▶ **Task inputs**:
= Beginning of Section =

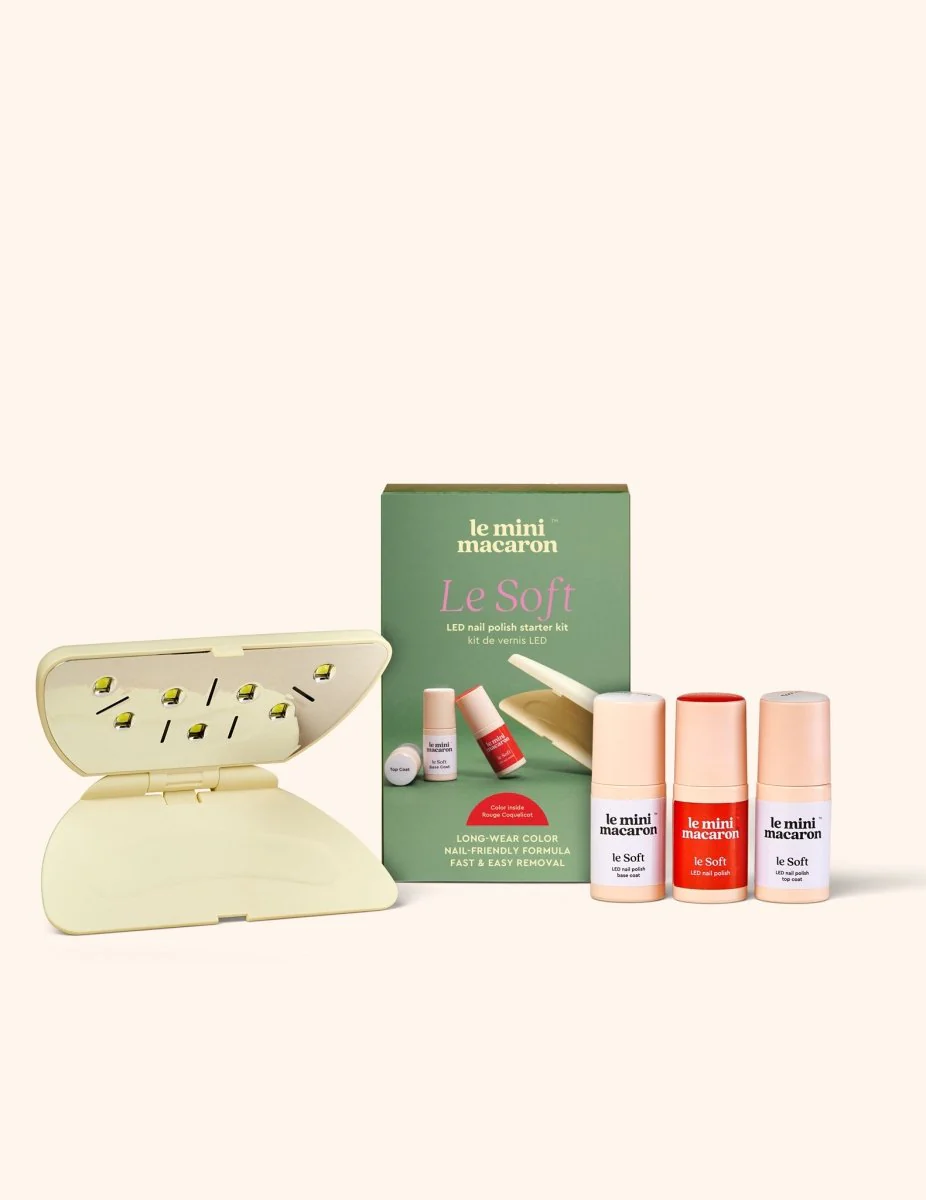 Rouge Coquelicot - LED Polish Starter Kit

= End of Section =
= Beginning of Section =

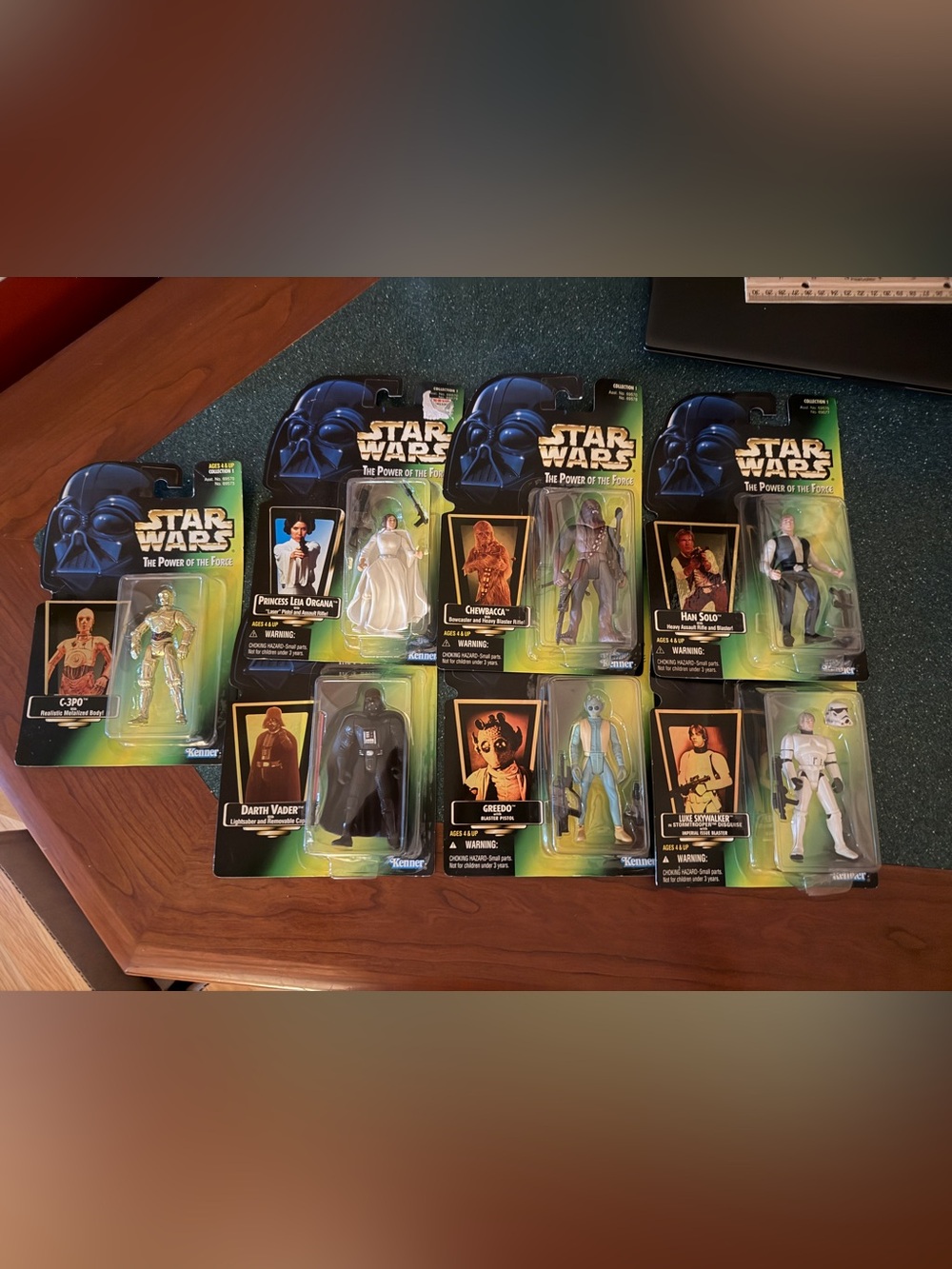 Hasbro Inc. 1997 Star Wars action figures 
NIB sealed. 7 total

= End of Section =
= Beginning of Section =

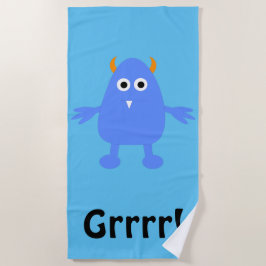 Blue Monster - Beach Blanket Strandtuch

= End of Section =

▶ **Work order**: Within the listing above, the lines from the one with "Hasbro Inc. 1997 Star Wars action figures" through the one with "NIB sealed. 7 total" are to be given again word for word. Do not include pictures.

▶ **Task solution**:
 Hasbro Inc. 1997 Star Wars action figures 
NIB sealed. 7 total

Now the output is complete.